2025-07-21 コメント: 2件 ▼
石破茂首相「自分のことは考えていない」 3連敗でも続投に疑問の声 説明責任は果たされたのか
石破首相「国家国民のため」続投表明 3連敗でも責任語らず、党内外から疑問の声
2025年7月21日、自民党の石破茂首相(党総裁)は、参議院選挙での大敗を受けた記者会見で、自身の続投を改めて明言した。「自らのことを考えて判断するということは全くない。ただ国家、国民のためにどう責任を果たすかを考えている」と語り、自身の去就よりも国政の安定を優先する姿勢を強調した。
しかし、自民党は昨年10月の衆院選、今年6月の都議選、今回の参院選と選挙で3連敗を喫しており、党内外では「責任は誰が取るのか」という声が強まっている。石破氏がかつて、選挙に敗れた安倍晋三元首相に公然と退陣を求めた過去もあり、「あの時の石破氏の言葉は今も有効か」との指摘が相次いでいる。
「私利私欲ではない」 首相、続投の大義を主張
会見で石破首相は、自らの政治的延命を否定し、「首都直下型地震や南海トラフ地震、トランプ政権との関税交渉、物価高騰対策など、この国には対応すべき課題が山積している。こういうときに国政を停滞させるわけにはいかない」と語った。
また、自民党が惨敗した2007年の参院選後、当時の安倍首相に退陣を促した自身の発言について問われると、「一字一句覚えているわけではないが、あのとき安倍氏が続投を表明したからこそ、国民に説明を求めた」と回顧。そのうえで、「今回の私の発言も、そのときのことを思い起こしている」と説明した。
だが、当時は安倍氏の続投理由を「国民の理解が得られない」として公然と批判していたこともあり、石破首相の今回の対応には矛盾を感じるという声が少なくない。
党内の責任論には沈黙 敗因の自己責任は語らず
石破首相は、自民党の支持離れが続いている理由について、「要因は多岐にわたり、これと特定するのは極めて難しい」と述べた。

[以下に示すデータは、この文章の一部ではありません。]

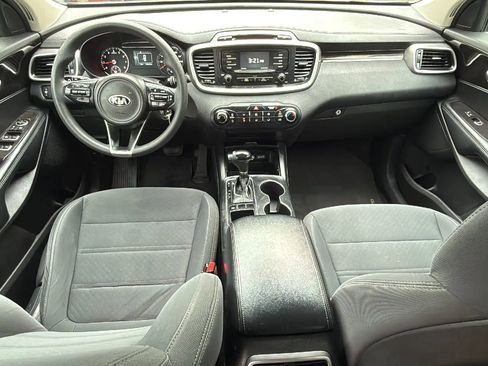 Used 2017 Kia Sorento LX image 30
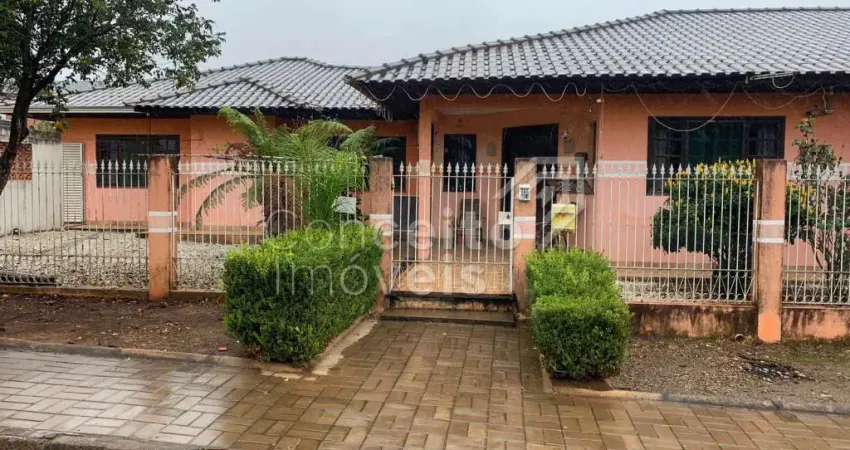 Casa com 3 quartos à venda na Rua Rodolfo Fernandes Garabeli, 218, Centro, Reserva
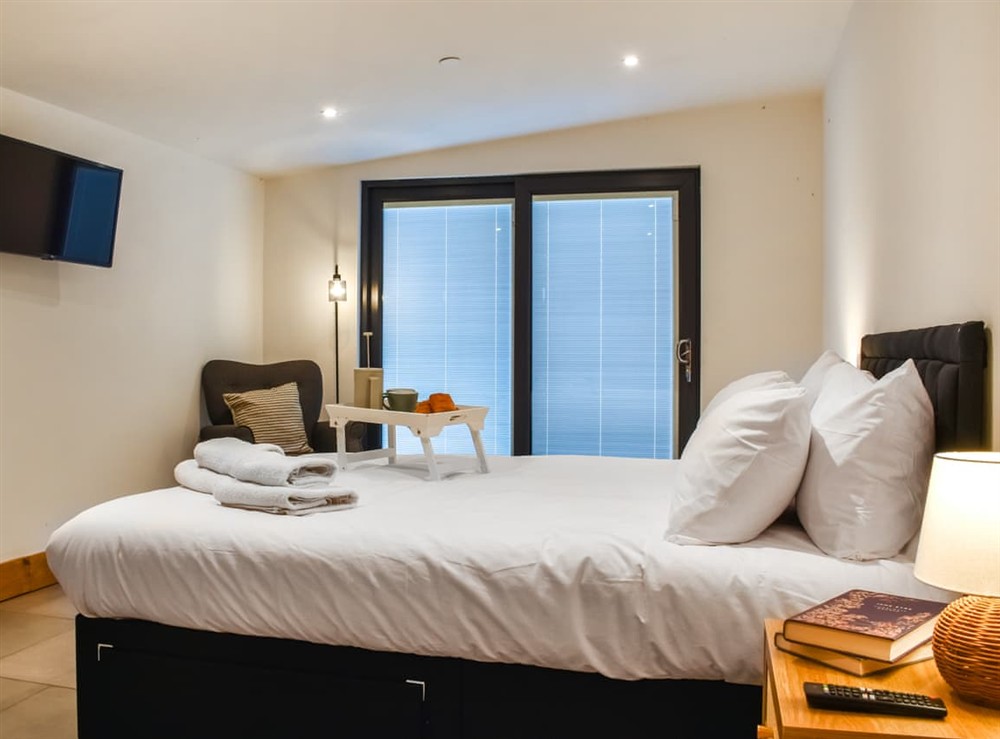 Double bedroom (photo 2) at Cedar Lodge in Walton Presteigne, Powys
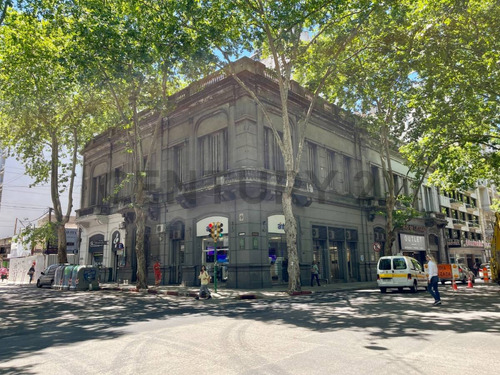 Venta De Edificio En Centro De Montevideo Con Renta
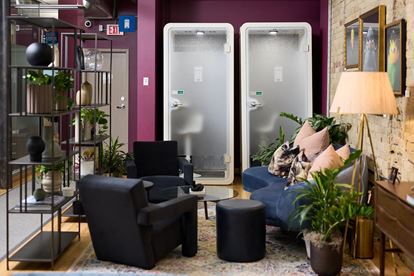 iQ Offices - 140 Yonge Street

その上で、「物価高や外国人政策、政治改革など課題はさまざま。党として真剣に分析し、教訓を得たい」と語るにとどめ、自身のリーダーシップに起因する可能性には一切言及しなかった。
また、党執行部の刷新についても触れず、石破首相自身の責任問題や進退を問う声についても「いただいた支持にどう応えるかが重要だ」と繰り返し、辞任を明確に否定した。
こうした姿勢に対して、党内からはすでに不満が噴出している。木原誠二選対委員長は「しかるべき時期に進退を考える」と述べ、河野太郎元外相は「幹事長が辞表を出さないのはおかしい」と語るなど、執行部の責任をめぐる亀裂が浮き彫りとなっている。
国民の声「また責任逃れか」「選挙の意味とは」
SNSや各種投稿では、石破首相の発言に対して冷ややかな反応が広がっている。とくに「国家国民のために辞めない」という論法に対し、「自己保身と何が違うのか」とする声が目立つ。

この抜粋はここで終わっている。